___ DATA EXTRACT

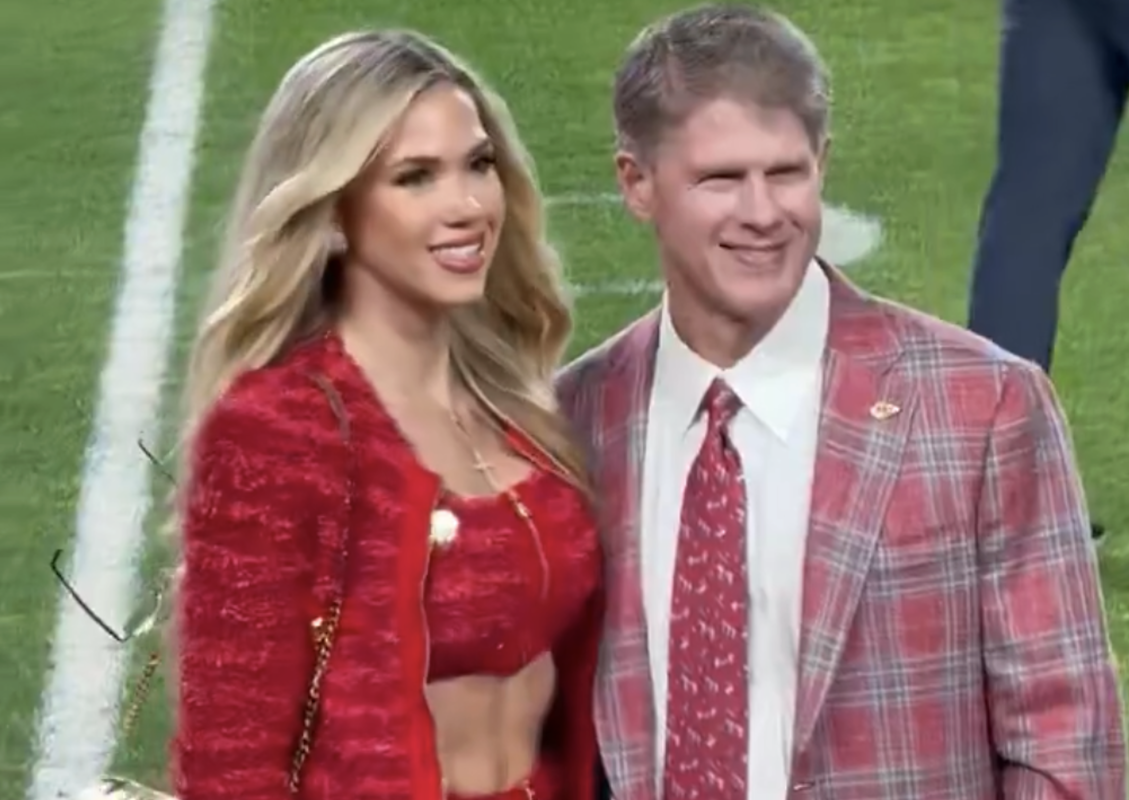 Chiefs owner's daughter, Gracie Hunt, taking heat for questionable move ...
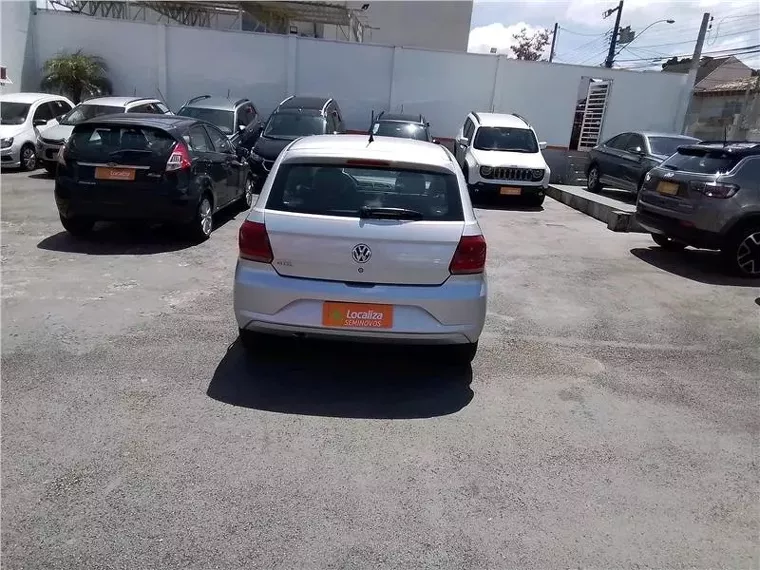 Volkswagen Gol Prata 5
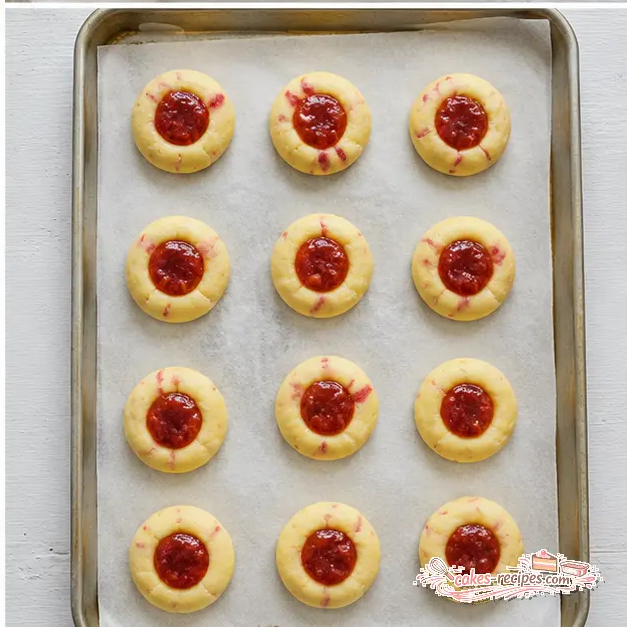 Step 4: Filling and baking the cookies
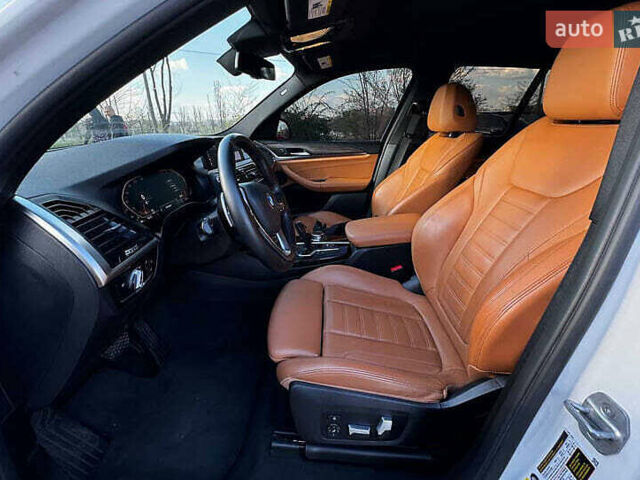 Білий БМВ Х3, об'ємом двигуна 2 л та пробігом 78 тис. км за 28200 $, фото 26 на Automoto.ua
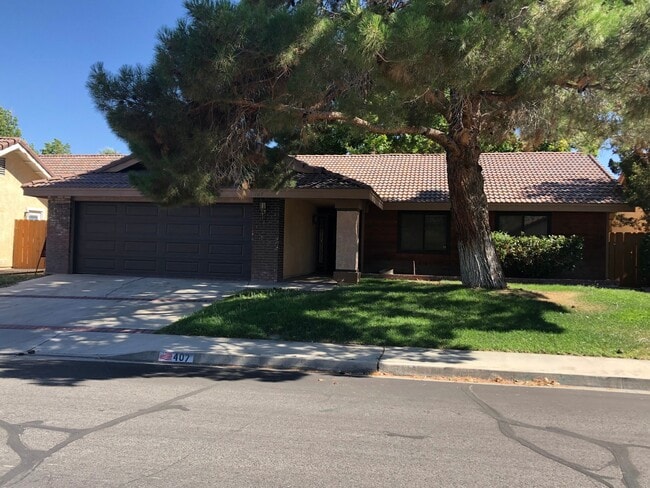 Building Photo - HERITAGE VILLAGE HOME - AVAILABLE NOW!!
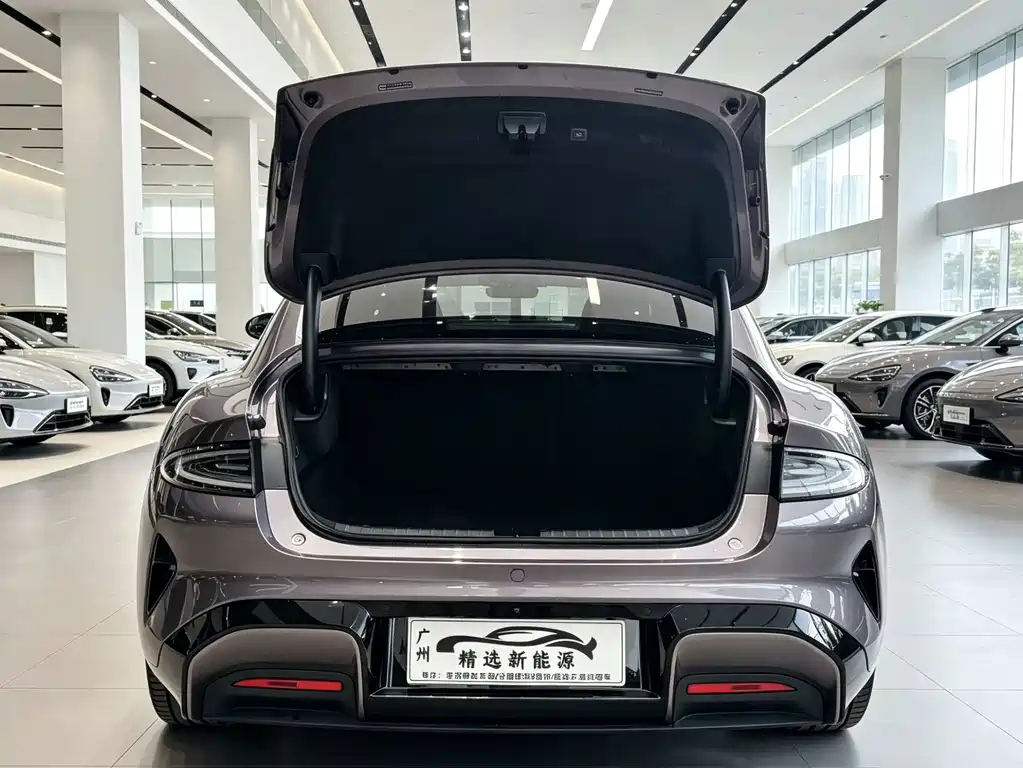 Xiaomi SU7 2025 — фото 21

______

THE TASK: Starting at the line that contains "Білий БМВ Х3, об'ємом", output every line through the end of the data, both ends included, and nothing else; pictures stay out.

YOUR RESPONSE:
 Білий БМВ Х3, об'ємом двигуна 2 л та пробігом 78 тис. км за 28200 $, фото 26 на Automoto.ua
 Building Photo - HERITAGE VILLAGE HOME - AVAILABLE NOW!!
 Xiaomi SU7 2025 — фото 21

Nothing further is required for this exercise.